MJ: So for people who may not be familiar with the folk genre or the folk tradition, why get involved, why listen?
MT: Oh, man. Well, why I got involved and why I started really listening to it was just a feeling. I was talking about this in class this week, apparently a lady wrote a whole paper on the scientific reasons she liked this one song. But I say there is no way you can tell that. It’s like saying “why do I like eating clam chowder?” It’s good, it tastes good, it fills me up. And it’s the same with folk music. I feel like, I feel full after listening to it, I always go out of the studio with a smile on my face, because it’s like listening to an hour of these fantastic songs.
MJ: Are there any misconceptions about folk music that people should know about?
MT: Um, yeah. There are misconceptions about labels, I think, today. Because when Mumford & Sons was out, people said “wow this is a great folk band,” but it’s just pop music with a banjo. And I try my best not to get into those arguments of like, defining folk music because I recognize that Mumford & Sons have a really great place in music. My aunt, who had never heard a banjo in her life, she heard Mumford & Sons one day on the radio and she got interested in banjo. She started tracing it back to like its African roots, you know. So they’re needed, but I think there’s always grey area in life. “What is folk?” Nobody really knows, I can only give you my idea of that, but everyone has got their different one.
MJ: And so your idea of folk is?
MT: Ah, my idea of folk is like, it’s usually a traditional song, or a song that is created in the traditional vein, traditional meaning like, we usually don’t know the author of the song, it’s pretty archetypal. A lot of similar chords, like you can reuse a melody, Woody Guthrie was really big for that, just taking a traditional song and putting new words to it and then, that’s a folk song now. I don’t know, there’s a couple tongue-in-cheek definitions, like there’s this blue’s guy called Big Bill Brunes he said, they asked him if what he was playing was like a folk song and he said “it has to be, I’ve never heard a horse sing it!” You know? But there’s a lot of… that’s a fiery debate amongst folk people. Some people say it’s only music of illiterate or preliterate people. Which would mean like, the only folk songs today are kid songs, because they’re preliterate.
MT: But I think that rap music is even folk music, too. You know?

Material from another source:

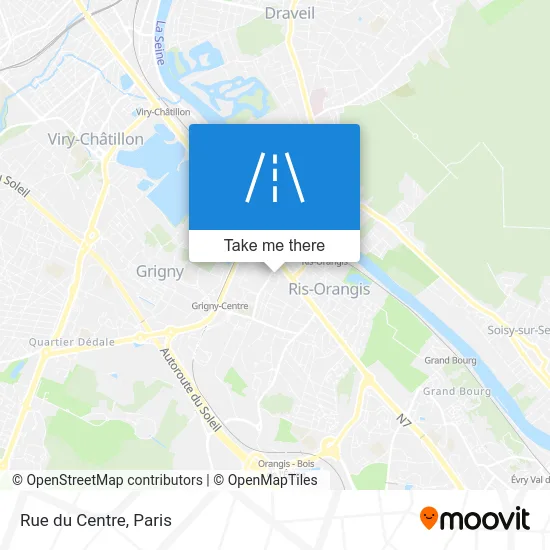 Rue du Centre map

MJ: That’s a bold statement.
MT: Oh, man. I think that the folk magazines should be publishing JZ songs, for sure, and Biggie Small songs.
MJ: Interesting. Why?
MT: Because one definition of folk music is it’s a way to communicate amongst your community and your region, to tell the stories and events that are going on. And I think of what Biggie Smalls or JZ looked like in Brooklyn standing on a street corner, talking about their life. That’s just as much a folk song as a Big Bill Brunes folk song. It’s the exact same, it’s right on par.
MJ: So would you ever play JZ or Biggie Smalls on your show?
MT: No, because I’m very, I have like this, very fine, fine scope that I’m still processing. I’m still getting through it. You know.
MJ: So how do you find time for all of this? You’re doing graduate studies, you play your own music, how do you find time to research and collect the music?
MT: You just do. I think if you are desperate enough, you’ll find a way. If you want to do it bad enough and you love it.
MJ: And you love it?
MT: Oh, man. It’s one of my passions.
MJ: How did you find out about CIUT?
MT: I got in touch with this station through an old-timer at CJSW, and his name is Chef Wayne. He has a show which is “South Louisiana Gumbo,” which is all Cajun music, which is also a great genre of music too. And he recommended this station and when I came to town I was kinda like shopping around and this was the best place for like, college and campus community radio. The one York where I go to school is like all Reggae music. And I know nothing about Reggae music. So I knew I wasn’t going to get a show there. And I know Sam through my friend, Sarah Hamilton, so she gave me a recommendation, and I just came in and talked to Ken face-to-face, pushed some buttons and weaseled my way in here.